Lady Amherst's Pheasant

Portrait of a male pheasant diamond

The diamond pheasant or Amherst ( Chrysolophus amherstiae ) is a Hühnervogelart from the family of pheasant -like, their dissemination from the southwest of central China extends to the south-eastern Tibet and into northern Myanmar. The Rooster is one of the most contrasty and colorful pheasants and is therefore often kept as closely related as the golden pheasant bird aviaries. The unscheinbarere hen is, however, predominantly red-brown and black banded. In England, the species was introduced from 1890, but there could only hold in Buckinghamshire and Bedfordshire in free-living populations. In his home country of the diamond pheasant mountain forests, bamboo jungles and bushes settled at altitudes up to 4500 m.

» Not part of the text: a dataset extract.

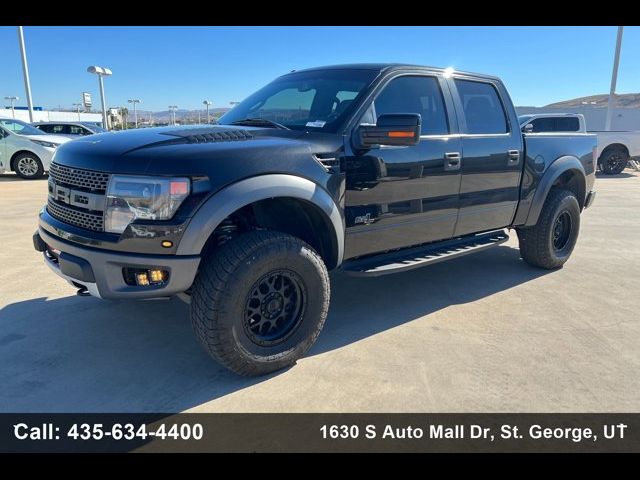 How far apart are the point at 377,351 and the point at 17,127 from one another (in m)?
12.8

The specific epithet honors Sarah Countess Amherst, the first diamond pheasant brought to England in 1828. She was the first wife of the then British Governor General in India, William Pitt Amherst.

Description

The tap of the diamond pheasant is 130-170 cm long, of which 86-115 cm on the tail. The wing length is 205-235 mm, weight about 750-850 g When the hen 's tail makes 31 to 37.5 cm of 66-68 cm body length from. The wing length is 183-203 mm, the weight is about 600 to 800 g

Forehead and crown are the cock metallic dark green, the glossy dark red hood 60 mm long, hard and radiate narrow feathers falling from the rear vertex to the neck. The featherless game around the eye is slightly spread out and bluish to greenish. The iris is bright yellow, the beak greenish yellow. The genus typical "collar" extends from the apex to the neck and on the sides of the chest. His wide, white feathers are rounded at the end, blue glossy black lined and contribute to the covered part of just such a straight line. The broad, rounded feathers on chin, throat, goiter sides and upper chest as well as the anterior dorsal shine metallic dark green. On the back they are black lined on the front wearing a subterminales, shiny black band and a broad, fringed, green-gold shiny bottom seams. The pure white underside shows only on the flanks and behind the legs black seams, black coverts shining green at the tips. The black secondaries contribute to the shield springs back a metallic blue sheen. The black- brown primaries are lined irregular white on the outer web. The rear back is intensely yellow feathered, the lateral springs and the front upper tail-coverts bright red with some black-green centers. The rear upper tail-coverts are up to 24 cm long. The basal part is on a white background black blue banded, the fields between black flecks. The distal part is vivid orange-red. The mean white control spring pair is roof-shaped in cross-section, such as the basal part of the upper tail-coverts black banded and spotted and scrawled in between. This pattern is also unclear on which is situated at the midshaft of the remaining tail feathers, black transverse bands extend to the broad, brown outer skirt of the flags. Legs and feet are bluish light gray.

The hen is similar to that of the gold pheasant. It differs from this, among other things by the more maroon coloration on the back, upper breast and flanks extends to the whitish belly and to expire at the bottom, light beige back. The black banding is generally stronger and wider. She is wearing a greenish metallic luster. The wave pattern on its back is also stronger. The throat is beige, reins, cheeks and ear-coverts silvery with black patches. The tail feathers are rounded at the end and black-beige quergebändert lots of contrast on maroon base and black scribbled. As the cock the eye area is unbefiedert. How legs and feet it is blue -gray slate- gray.

Voice

The sound repertoire of the species is poorly known. The Revierruf ( Sample ) is probably a warning sound. In addition, a Futterlockruf describes sounds like suppressed giggle.

Distribution and population

The dissemination of the diamond pheasant is more Western than that of the closely related gold pheasant and extends from about 31 ° N in the western Sichuan to the Salween to the southeast of Tibet. Southward it extends into the eastern part of Shan State in Myanmar and Yunnan and western Guizhou. In the area of ​​overlap of the two species, which is about the limit of Sichuan, Yunnan and Guizhou, hybridization occurs with the golden pheasant.

The population of the species is estimated to be less than 50,000 individuals. Despite a suspected stock decline, the IUCN sees them as not at risk ( " least concern ").

Way of life

The diamond pheasant is found in higher, cooler areas as the golden pheasant, where it inhabits wooded slopes, bamboo thickets and bushes up to altitudes of 4570 m. In winter, the species lives in groups of several families 20 to 30 birds, the breeding season it is probably monogamous. The foraging activity takes place in two phases, morning and evening, on open land on the edge of the cultural landscape. In between there is a rest period spent aufgebaumt in the thicket.

During mating, the collar is spread open and then reaches forward to over the beak. The nest consists of 6-12 oblong oval, beige to whitish eggs of 46-53 mm length and 34-37 mm width. Incubation period is 22-23 days.